Brian Krebs, one of the top hacking reporters in the world, is so deeply entrenched in the world of cybercrime that he’s done a bit of illegal hacking himself.
The reporter, who worked at the Washington Post until 2009, hacked into the Washington Post’s payroll system to see how much his colleagues were making, a New York Times profile of Krebs revealed.
Krebs, who spends his days reading Russian hacker forums “while jogging on his treadmill and who blogs with a 12-gauge shotgun by his side,” has made a living shining a bright light on enormous cybercrimes. With a global network of sources and a singular understanding of the subject matter, Krebs’ signature is posting detailed accounts of hacks that anyone can understand.
But when it came to his own cybercrime, he kept the details tantalizingly scant.
Judging from the timeline in the Times’ article, the hack took place sometime after 2006 and before his 2009 departure from the paper, which was unrelated the unauthorized “peek.” There’s no word on whether or not Krebs was caught by the Post, but this is the first time the public is hearing about it.
After he left the paper, Krebs launched KrebsOnSecurity.com. The website just surpassed 850,000 visitors in December after the reporter broke the story of hackers stealing 40 million debit and credit card numbers from Target over the holidays.
He now makes more money blogging now than he did at the Post, he admitted, but didn’t say if he’s making more than his old co-workers.
Update: Brian Krebs contacted the Daily Dot via email with the following clarification: “The story makes it sound like I hacked my way into the Post’s payroll system. But in truth it was far less interesting/glamorous than that.
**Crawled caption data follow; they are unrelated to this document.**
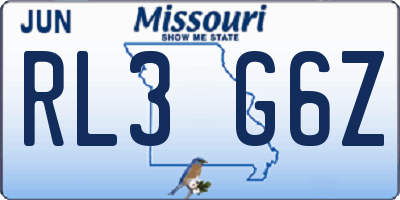 MO license plate RL3G6Z
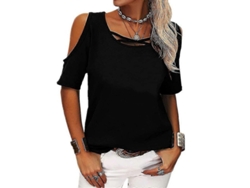 2026-manga Corta Hombros Descubiertos Camiseta Casual Verano Blusa Holgada Para Mujer 2023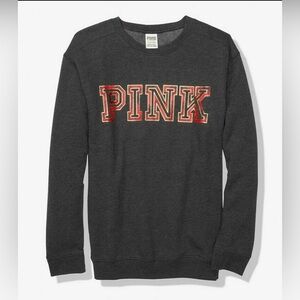 Victoria's Secret Pink EVERYDAY LOUNGE CAMPUS CREW PULLOVER Fleece SWEATSHIRT M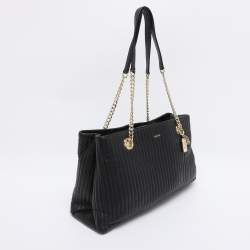 Pre Owned DKNY Black Quilted Leather Chain Tote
Basically, the guy in charge of Windows share security at WP.com had for some oddball reason undone all that security, so all local shares on the network were more or less browsable by anyone who had network credentials. In short, I was able to see the salaries.xls file without even using my keyboard. Just open Windows Explorer, click…Finance….click…Accounting….click…Payroll… The only reason I didn’t lose my job over that discovery was that I brought it to the attention of the Post’s security team immediately. They fired the guy responsible for undoing all the security that very day.”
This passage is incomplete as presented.